Lukas Politis attends Iona College, where he is enrolled in the media and strategic communications program. In line with his academic preparations, Lukas Politis is interested in news broadcasting and sports broadcasting.

Sports broadcasting has many facets. At a sporting event, there are play-by-play announcements, sideline reports, and game analyses. These are the results of the evolution of sports broadcasting. Here are some of the “firsts” in US sports broadcasting.

The first sports broadcast took place in Lawrence, Kansas, in 1911 at a football game played by Kansas and Missouri. More than a thousand people in Kansas watched a reproduction of the game. A telegraph wire was installed by Western Union in Columbia, Missouri, where the game was being played. Viewers in Missouri announced what happened after each play, mapped the play on a model football field, and telegraphed it to Lawrence, Kansas.

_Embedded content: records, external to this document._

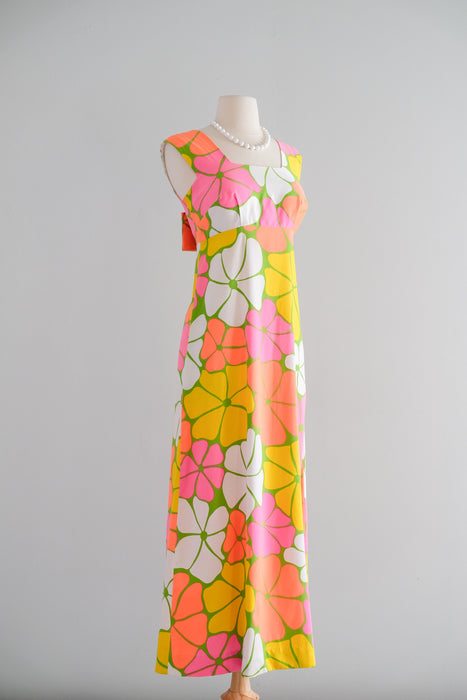 Vintage 1960's Spring Fling 🌺 Pink Floral Hawaiian Gown Aikane / XS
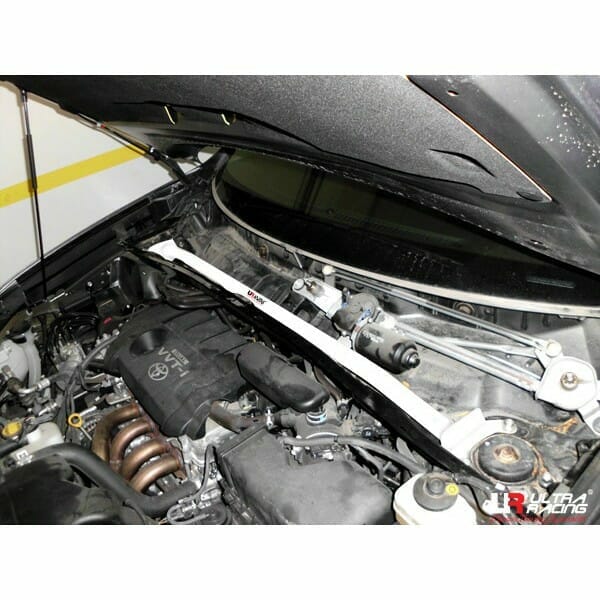 Ultra Racing Toyota Highlander (XU40) 2.7/3.5 2WD/4WD 08-13 UltraRacing 2-Point Front Upper Strutbar(1458) UR-TW2-1458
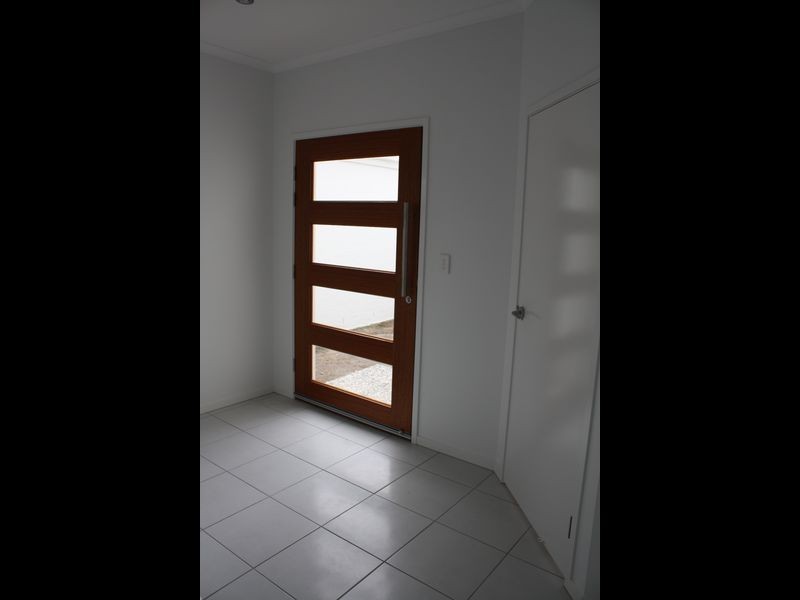 136 Grand Parade, Kawana Island QLD 4575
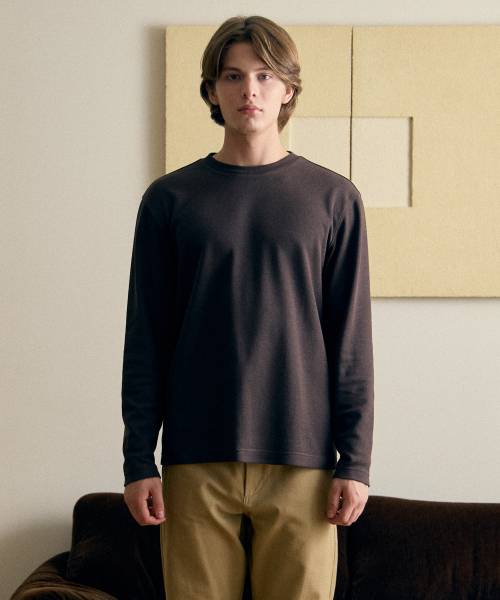 BASIC HOUSE(ベーシックハウス)の「ニットライクラウンドネック長袖TシャツブラウンLZTS6105(Tシャツ/カットソー・メンズ・ブラウン・FREE)」の2枚目の写真
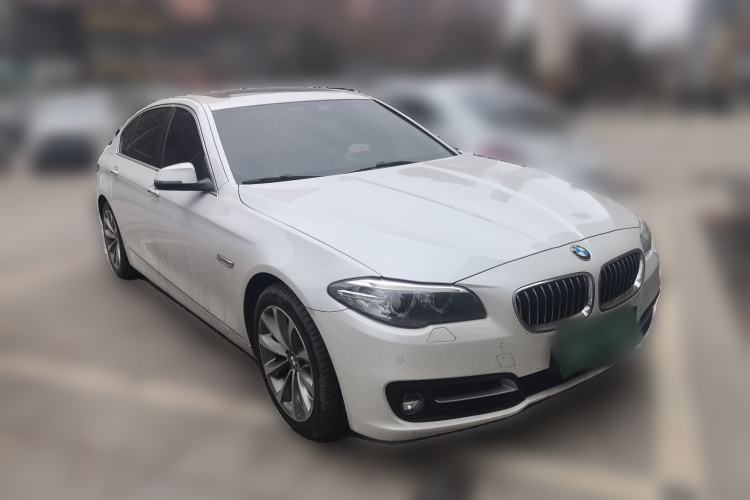 Used BMW 5 Series 2017 525Li Leading Model
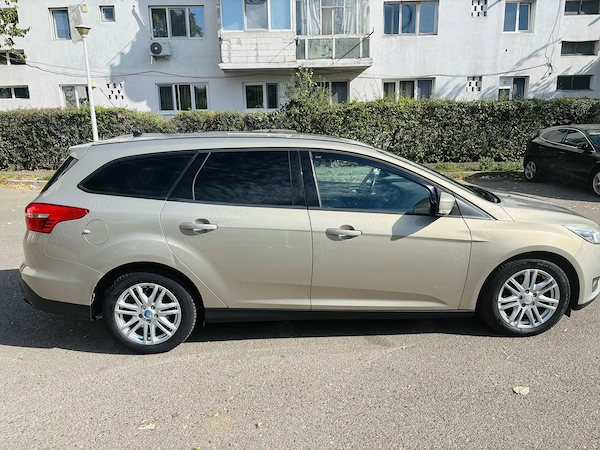 FORD Focus 2015 — imagine 4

The first voice broadcast occurred on April 11, 1921, when the Pittsburgh-based Westinghouse station KDKA made a live announcement of a 10-round boxing match over the radio. In August of that same year, a baseball game between the Philadelphia Phillies and the Pittsburgh Pirates was broadcast by the Pittsburgh station as it happened. In addition, that October the first college football game, which was played between West Virginia University and the University of Pittsburgh, was broadcast over the radio.

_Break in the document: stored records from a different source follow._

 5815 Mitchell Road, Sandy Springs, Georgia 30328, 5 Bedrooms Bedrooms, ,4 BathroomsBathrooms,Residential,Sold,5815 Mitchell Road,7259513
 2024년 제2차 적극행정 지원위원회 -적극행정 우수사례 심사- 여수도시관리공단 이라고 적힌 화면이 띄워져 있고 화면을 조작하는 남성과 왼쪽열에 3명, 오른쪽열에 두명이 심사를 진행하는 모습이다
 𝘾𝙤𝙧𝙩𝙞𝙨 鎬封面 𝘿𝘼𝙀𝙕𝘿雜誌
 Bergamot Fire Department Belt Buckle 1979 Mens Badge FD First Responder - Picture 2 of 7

On May 17, 1939, the first televised live sports event happened when NBC broadcast the baseball game between the Columbia Lions and the Princeton Tigers. The first televised college football game was played between Fordham and Waynesburg College in September 1939. These two events, however, were broadcast live in the local markets only because technology at the time could not support a coast-to-coast broadcast.

On September 29, 1951, the first televised sports event broadcast nationwide took place at a college football game between Duke University and the University of Pittsburgh.